Alternatively, a rail network comprises only narrow-gauge network could also eliminate the interchangeability problem.
If narrow-gauge rails are designed with potential growth in mind, or with same standard as standard gauge rails, then the obstacles to be faced in future growth of those rail lines would be similar to other rail gauge.
For those lines constructed to a lower standard, speed can be increased via nimerous methods including realigning rail lines to increase the minimum curve radius, reducing the number of intersections, or introducing tilting trains to improve the speed of trains running on those lines.
The heavy duty 3 ft 6 in (1,067 mm) narrow-gauge railways in Australia (e.g. Queensland), South Africa, and New Zealand show that if the track is built to a heavy-duty standard, performance almost as good as a standard gauge line is possible. Some 200-car trains operate on the Sishen-Saldanha railway in South Africa, and high-speed tilt-trains run in Queensland. Another example of a heavy-duty narrow-gauge line is EFVM in Brazil. 1,000 mm (3 ft 3 3⁄8 in) gauge, it has over-100-pound rail (100 lb/yd or 49.6 kg/m) and a loading gauge almost as large as US nonexcess-height lines. It has multiple 4,000 hp (3,000 kW) locomotives and 200+ car trains. In South Africa and New Zealand, the loading gauge is similar to the restricted British loading gauge, and in New Zealand some British Rail Mark 2 carriages have been rebuilt with new bogies for use by Tranz Scenic (Wellington-Palmerston North service), Tranz Metro (Wellington-Masterton service), and Transdev Auckland (Auckland suburban services).
The reduced stability of narrow gauge means its trains cannot run at the same high speeds as on broader gauges. For instance, if a curve with standard gauge rail can allow speed up to 145 km/h (90 mph), the same curve with narrow-gauge rail can only allow speed up to 130 km/h (81 mph).

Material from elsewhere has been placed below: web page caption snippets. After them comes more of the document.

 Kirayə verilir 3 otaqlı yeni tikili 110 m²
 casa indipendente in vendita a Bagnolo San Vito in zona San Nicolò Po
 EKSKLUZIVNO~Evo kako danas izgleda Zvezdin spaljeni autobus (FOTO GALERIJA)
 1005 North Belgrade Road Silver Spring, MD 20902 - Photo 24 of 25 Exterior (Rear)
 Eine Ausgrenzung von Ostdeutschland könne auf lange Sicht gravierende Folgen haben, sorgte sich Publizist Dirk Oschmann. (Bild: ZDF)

In Japan and Queensland, recent permanent way improvements have allowed trains on 3 ft 6 in (1,067 mm) gauge tracks to run at 160 km/h (99 mph) and faster. Queensland Rail's tilt train is currently the fastest train in Australia and the fastest 3 ft 6 in (1,067 mm) gauge train in the world, setting a record at 210 km/h. The current speed record for 3 ft 6 in (1,067 mm) narrow-gauge rail is 245km/h, set in South Africa, 1978.

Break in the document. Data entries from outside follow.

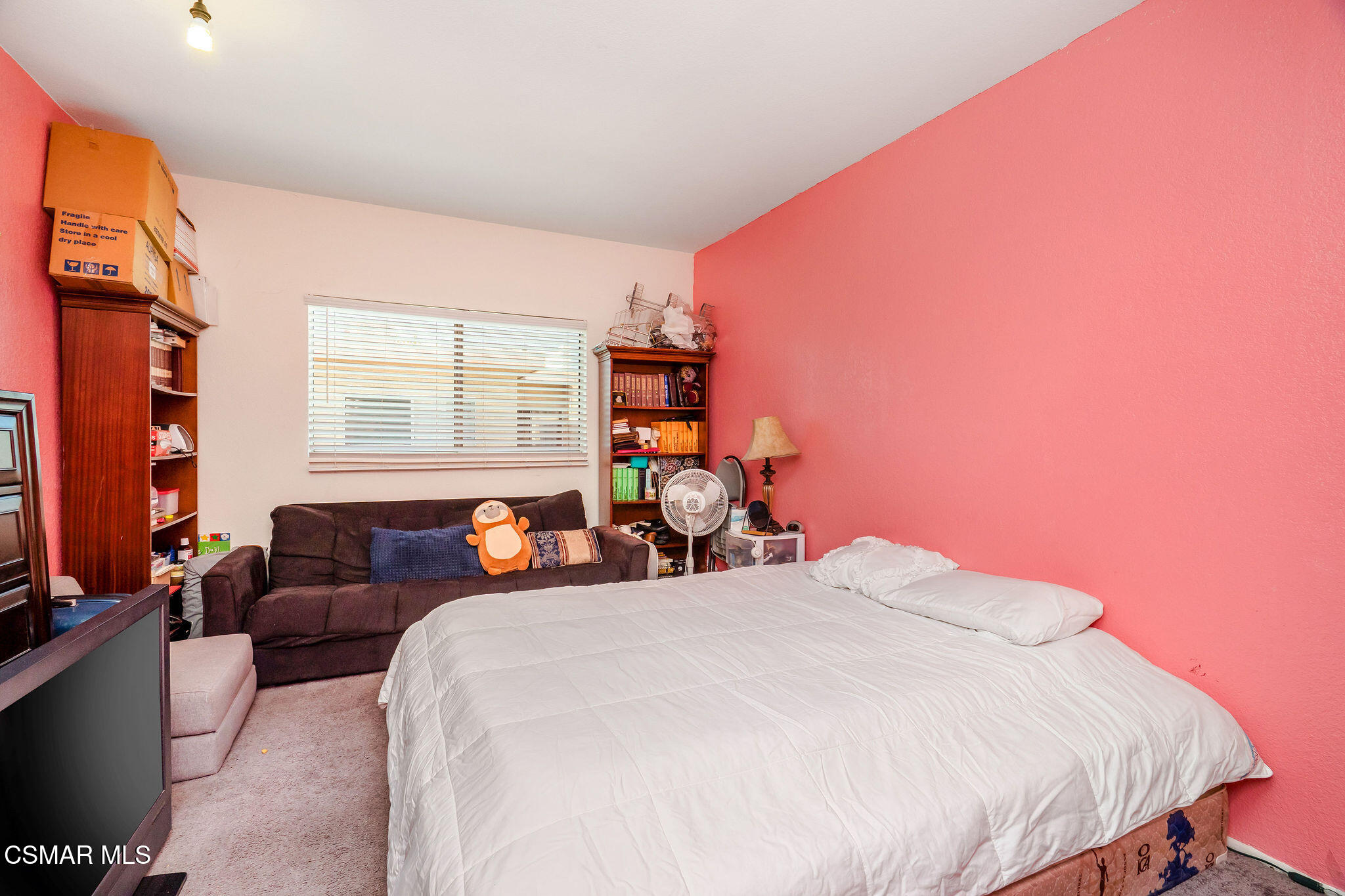 10215 Variel Avenue, 11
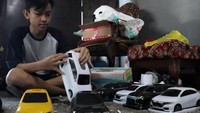 Menurut pria berumur 33 tahun tersebut, dalam satu hari ia dan pekerjanya dapat memproduksi 50 hingga 150 pcs. Proses pembuatannya pun dilakukan dengan sistem per order yang bisa dipesan tiga sampai lima hari. Wisma Putra/Dok. Detikcom.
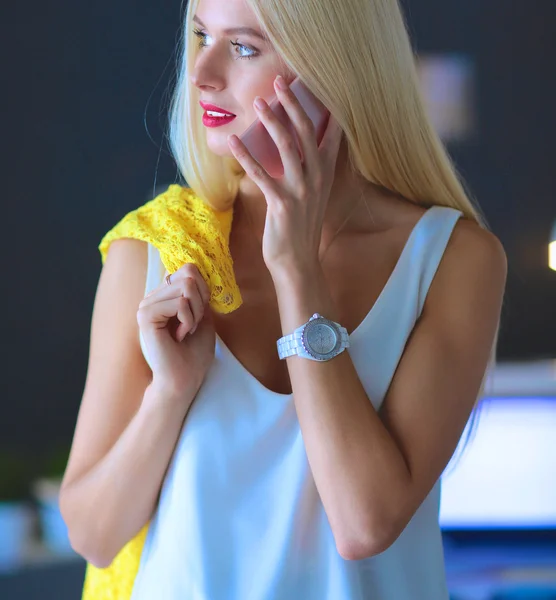 Mujer diseñadora hablando por teléfono móvil en la oficina —  Fotos de Stock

Curve radius is also important for high speeds: narrow-gauge railways allow sharper curves, which limits the speed at which a vehicle can safely proceed along the track.
Many engineers considered the cost of a railway varies with some power of the gauge, so the narrower gauge the cheaper it might be. This applied also to different narrow gauges, such as a proposed line in Papua using either 610 mm (2 ft) or 1,067 mm (3 ft 6 in).
In general, a narrow-gauge railway has a track gauge less than standard gauge. However, due to historical and local circumstances, the definition of a narrow-gauge railway can be different.
Many narrow gauges are in use or formerly used between 15 in (381 mm) gauge and 1,435 mm (4 ft 8 1⁄2 in) gauge. They fall into several broad categories:
Scotch gauge was the name given to a 4 ft 6 in (1,372 mm) track gauge, that was adopted by early 19th-century railways mainly in the Lanarkshire area of Scotland. Also 4 ft 6 1⁄2 in (1,384 mm) lines were constructed. Both gauges were eventually converted to standard gauge.
Four foot and 1200 mm gauges
- 4 ft (1,219 mm), Glasgow Subway, Padarn Railway
- 1,200 mm (3 ft 11 1⁄4 in), Central Funicular, Gardena Ronda Express, Zagreb Funicular, Rheineck–Walzenhausen mountain railway, Schlossbergbahn (Freiburg)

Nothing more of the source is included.